Der Leviathan ist ein sagenhaftes Wesen. Es handelt sich um ein in
der Bibel (Psalmen 74 und 104) erwähntes Ungeheuer, von dem keiner
weiß, wie es ausgesehen hat. Der interessanteste Satz über
den Leviathan lautet „… der Leviathan, den du gebildet hast,
um mit ihm zu spielen.“ Diese Stelle darf man sich auf der Zunge
zergehen lassen: Der Allmächtige persönlich erschafft sich
ein Wesen, mit dem er spielt. Es handelt sich nicht um ein Hündchen,
einen kleinen Pandabären oder ein anderes putziges Tierchen –
nein das Haustier Gottes ist eine – laut Bibel - im Meer lebende
Bestie. Das Tierchen hat über Jahrhunderte die Phantasie von Künstlern
und Schriftstellern angeregt. Der Titel eines Buches über den Staat
von Thomas Hobbes (1651) heißt „Leviathan“, ebenso
das vierte Buch der „Satanischen Bibel“ von Szandor LeVey,
ein Musikstück von Franco Cesarini, mehrere Metal- und Punk-Bands
benennen sich danach, weiters ein Horrorfilm von 1989, diverse Computerspiele,
und unzählige Romane, Erzählungen, Theaterstücke, ja
sogar Schiffe.
Ein weiteres Ungetüm der jüdisch-christlichen Mythologie
ist der Behemoth, von dem besonders eifrige Bibeldeuter behaupten, dass
es sich um einen Dinosaurier handeln könnte. Ob Gott auch mit ihm
gespielt hat, ist nicht überliefert. Es heißt da im Buch
Hiob (40) über den Behemoth: „Seine Knochen sind Röhren
von Erz, wie Eisenstangen sein Gebein, es war der Anfang der Wege Gottes,
er gab ihm sein Schwert.“
Ein Meeresungetüm zum Spielen und ein mit einem Schwert ausgestattetes
stahlhartes Ungeheuer. Das Alte Testament mit seinen rätselhaften
Andeutungen, Drohungen, Abgründen und Weissagungen ist und bleibt
die göttlichste Mysterienfundgrube der Welt.
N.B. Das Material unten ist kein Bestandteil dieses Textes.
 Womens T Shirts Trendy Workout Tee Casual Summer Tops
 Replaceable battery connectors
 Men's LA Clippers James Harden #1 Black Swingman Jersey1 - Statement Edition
Sollte sich wirklich jemand die Mühe machen, den beiden ungemütlichen
Tieren so etwas wie eine reale Bedeutung beizumessen, so bietet sich
das Bild vom Menschen an, der sich mit Hilfe der Mathematik, der Technik
und der Naturwissenschaften dazu aufgerafft hat, die Natur neu zu gestalten.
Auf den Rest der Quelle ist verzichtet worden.